▶ _REQUIRED ACTION_: Only the pictures are to be left out; the listing itself is repeated exactly.

▶ _DATASET EXTRACT_:
····················

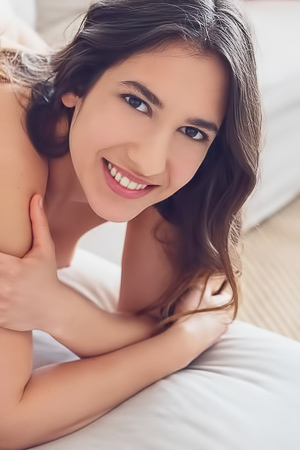 Oceane Exercises Mercedes-Benz-Style On Living Room Couch, Bikini Panties Wet and Ready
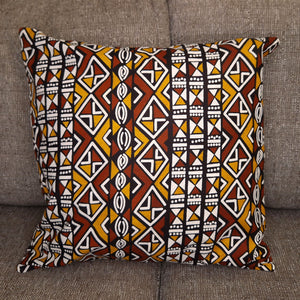 African pillow cover | Mustard / White Bogolan / Mud cloth - Decorative pillow 45x45cm - 100% Cotton
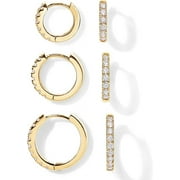 PAVOI 18K Yellow Gold Plated 925 Sterling Silver Post, 3 Pairs Small Gold Hoop Earrings Set | Mini Cartilage Helix Huggie Hoop Pack for Women Men 8mm 10mm 12mm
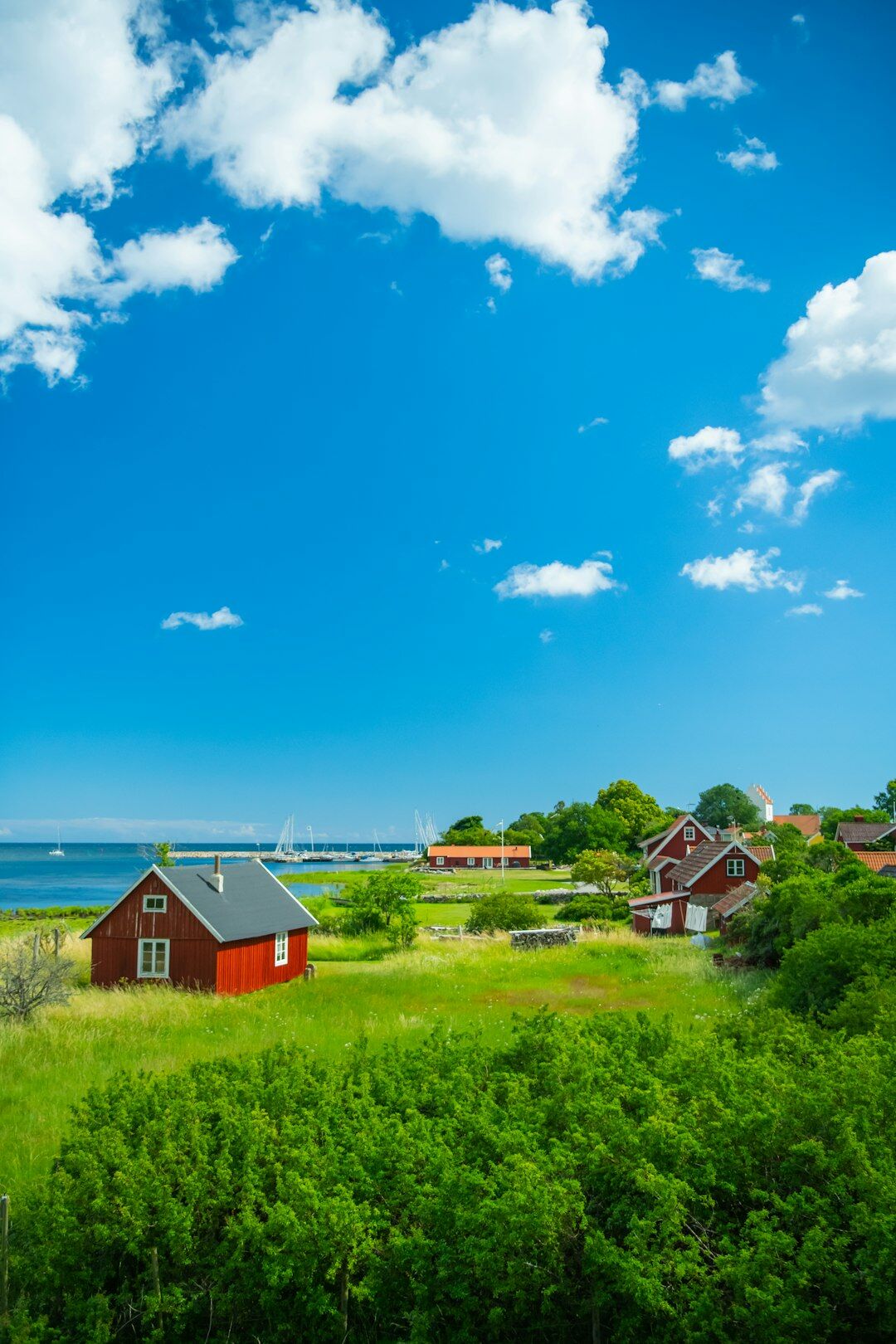 rural danish village scene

····················

▶ _EXERCISE RESULT_:
 Oceane Exercises Mercedes-Benz-Style On Living Room Couch, Bikini Panties Wet and Ready
 African pillow cover | Mustard / White Bogolan / Mud cloth - Decorative pillow 45x45cm - 100% Cotton
 PAVOI 18K Yellow Gold Plated 925 Sterling Silver Post, 3 Pairs Small Gold Hoop Earrings Set | Mini Cartilage Helix Huggie Hoop Pack for Women Men 8mm 10mm 12mm
 rural danish village scene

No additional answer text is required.